Seeing downtown restored to its former glory thrilled longtime resident Tony Tovatt, who came to town in 1925 with his family and opened a hardware store the next year. Tovatt has spent the last six decades running businesses in the city, mostly in downtown.

Today Tovatt and his wife, Marge, 75, live in a condominium they bought 21 years ago for $44,000. It has 1,400 square feet with three bedrooms and two baths.

"Huntington Beach is a great place to raise a family," said Tovatt, whose four children have remained in the area. "I went to elementary school here and graduated from Huntington Beach High school in 1937. My kids and grandchildren have graduated from there too."

Tovatt looks back fondly to when the downtown area was in its heyday from the 1940s to the 1960s.
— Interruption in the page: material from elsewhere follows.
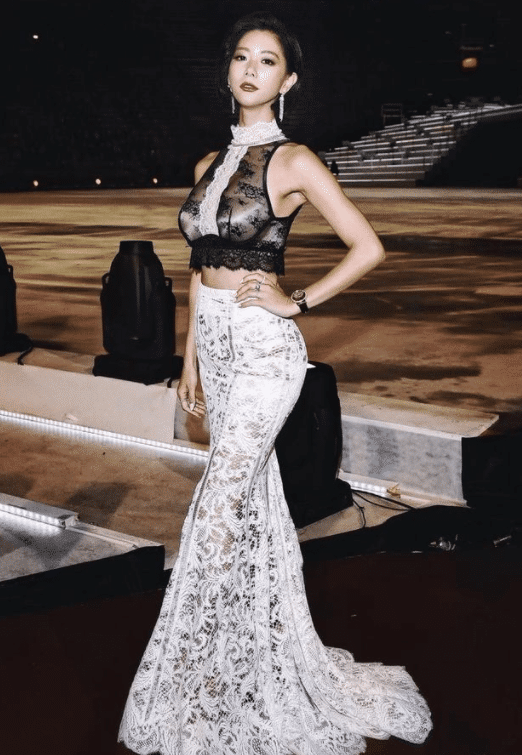 才发现克拉拉的"柯基臀"不是吹的,穿蕾丝上衣走秀,太亮眼_李成敏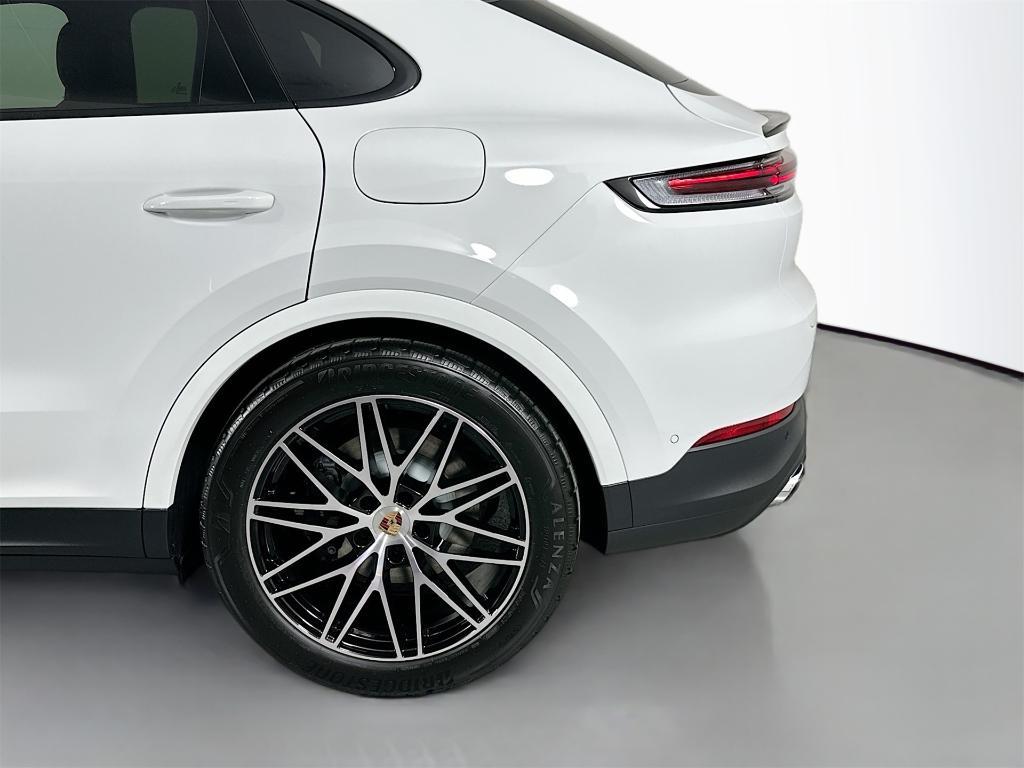 new 2026 Porsche Cayenne car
"It was a wonderful town then," he said. "You didn't have customers, you had friends. A lot of important business deals went on over a milkshake at the soda fountain."
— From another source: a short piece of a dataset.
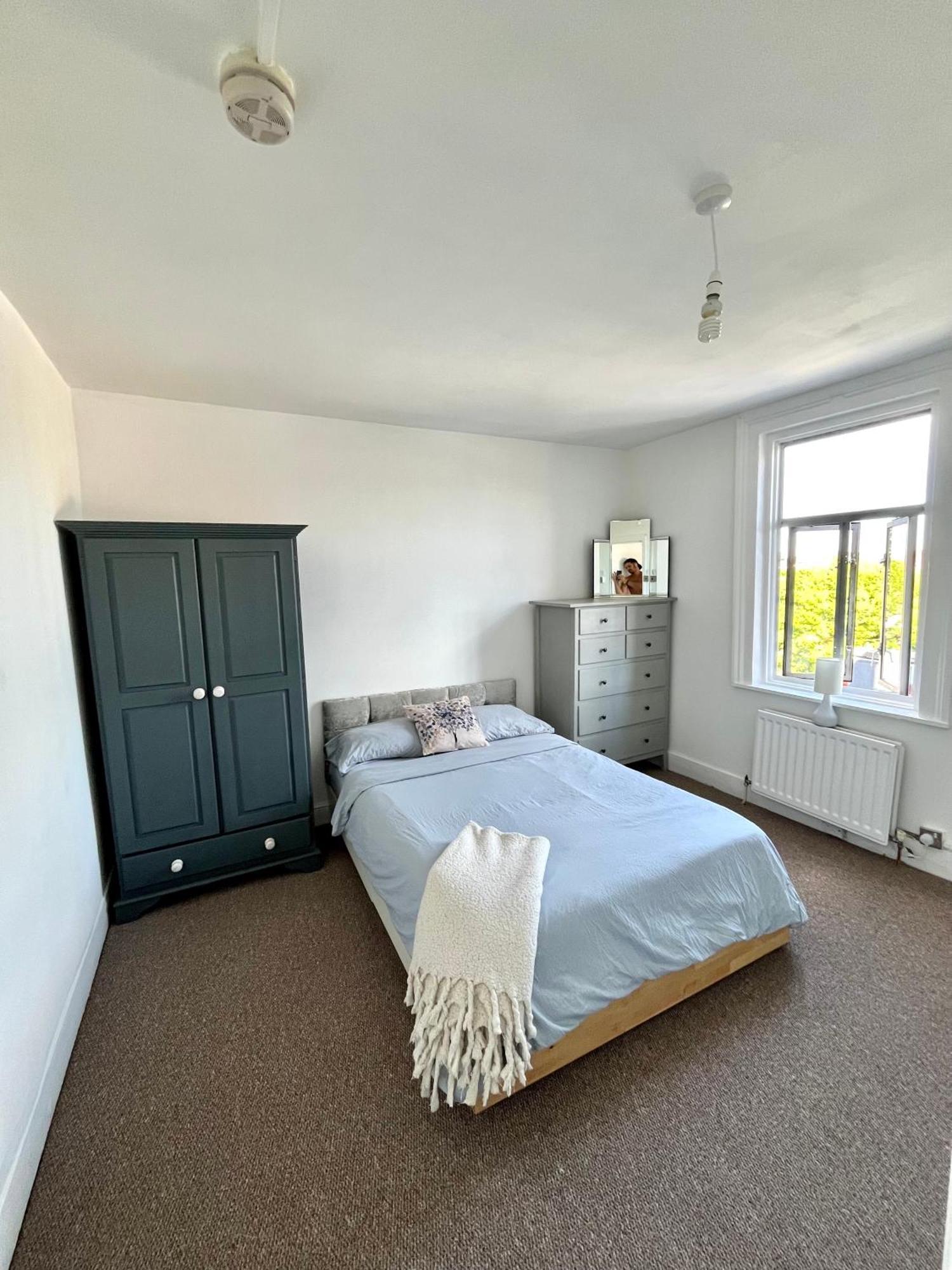 Love Flat-shared - Bed & Breakfast *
Although the downtown of today is different, Tovatt is pleased with the area's improvement. "Downtown has changed with the times, which is necessary," he said. "I think it looks great and will flourish."

The city of Huntington Beach had its beginnings in the downtown area at the turn of the century. Henry Huntington founded the city in the early 1900s, originally calling it Pacific City. Citizens eventually named the town after him, however.

A lot of the older homes in the area are original summer homes built by wealthy individuals who lived in Pasadena and the Los Angeles basin and vacationed in Huntington Beach.


In 1920, oil was discovered in the city, quickly boosting the population. After World War II, the area again grew rapidly. In the 1950s and 1960s, Huntington Beach became known for its great surfing and was soon the home of popular surfing contests.

When Natalie Kotsch first moved to Huntington Beach in 1977, the realtor had no idea that one day she'd help found the city's surfing museum and serve on multiple redevelopment committees.

When Kotsch moved to downtown, she lived in a two-bedroom, two-bath condo she bought for $115,000. In 1979 she bought a four-bedroom, 2 1/2-bath home for $139,000. After living there five years, she moved to a 2,800-square-foot, four-bedroom, three-bath house for which she paid $289,000. Today she lives in her first house, which she had kept as a rental.